Now use these samples to make predictions about which species carry the disease given the observations in obs:

samples$consistent <- NA

# compute whether each sample is consistent with the observations
for (i in 1:nsample) {
  samples$consistent[i] <- p_obs_given_h(obs, samples[i,])
}

consistentHypotheses <- as.logical(samples$consistent)
consistentsamples <- samples[consistentHypotheses,1:n]
gen <- samples[1,]
for( animalname  in speciesnames ) {
    # for each species compute the proportion of consistent samples for which
    # it takes value TRUE
    gen[animalname] <- mean( consistentsamples[[animalname]] ) - 1
    # NB: we need to subtract 1 from the mean because we're using 1 and 2 for TRUE and FALSE instead of 0 and 1
}

makeplot(gen[1:n])

Exercises (B)

  1. The function sample h() samples a hypothesis \(h\) from the prior \(P(h)\). First the value for kelp is sampled, then herring, and so on. Why do the values need to be sampled in this order?

  2. After sampling 1000 samples the code only uses those that are consistent with the observation vector. Why?

  3. Set the observation vector to obs <- list(kelp = 1, mako = 2) and run the script. Compare the output to what you saw when you computed the same set of predictions using enumeration as the inference method.

Inference by Gibbs sampling using RJags

Let’s now use a program called JAGS to sample directly from the posterior \(P(h|\text{obs})\).

The code here relies on a file called foodweb.bug that specifies the prior distribution on all variables in the model.
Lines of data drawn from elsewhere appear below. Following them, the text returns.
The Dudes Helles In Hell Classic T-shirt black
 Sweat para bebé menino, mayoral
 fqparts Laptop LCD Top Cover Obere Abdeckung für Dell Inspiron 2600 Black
foodwebdata<- c(obs, list(
      p.kelp = zerop,
      p.herring = onep,
      p.dolphin = onep,
      p.tuna = onep,
      p.sandshark = onep,
      p.mako = twop,
      p.human = onep))

# set up the model in JAGS
jags <- jags.model('foodweb.bug', data = foodwebdata,
                   n.chains = 4,
                   n.adapt = 100)
## Compiling model graph
##    Resolving undeclared variables
##    Allocating nodes
## Graph information:
##    Observed stochastic nodes: 2
##    Unobserved stochastic nodes: 5
##    Total graph size: 54
## 
## Initializing model
# actually run the model in JAGS (ie sample from the posterior P(h|obs) )
samples <- coda.samples(jags,
             c('kelp', 'herring', 'dolphin', 'tuna', 'sandshark', 'mako', 'human'),
             10000)

# for each species extract the proportion of samples for which it is TRUE. For today's session don't worry about the details of this function.

genplot <- samples %>%
        gather_draws(kelp, herring, dolphin, tuna, sandshark, mako, human) %>%
        rename(species=.variable, gen=.value) %>%
        ungroup() %>%
        select(species, gen) %>%
        mutate(species= factor(species, levels=speciesnames)) %>%
        group_by(species) %>%
        summarize(gen=mean(gen)-1)
## Warning: Passing an environment as data mask is deprecated.
## Please use `new_data_mask()` to transform your environment to a mask.
## 
##   env <- env(foo = "bar")
## 
##   # Bad:
##   as_data_mask(env)
##   eval_tidy(expr, env)
## 
##   # Good:
##   mask <- new_data_mask(env)
##   eval_tidy(expr, mask)
## This warning is displayed once per session.
makeplot(spread(genplot, species, gen))

Exercises (C)

  1. Take a look at foodweb.bug and see if you can understand how this file specifies a distribution over all 7 variables in the model (ie all 7 species in the foodweb).

  2. Set the observation vector to obs <- list(kelp = 1, mako = 2) and run the jags chunk to carry out inference. Compare the output to what you saw when you carried out inference by enumerating the hypothesis space.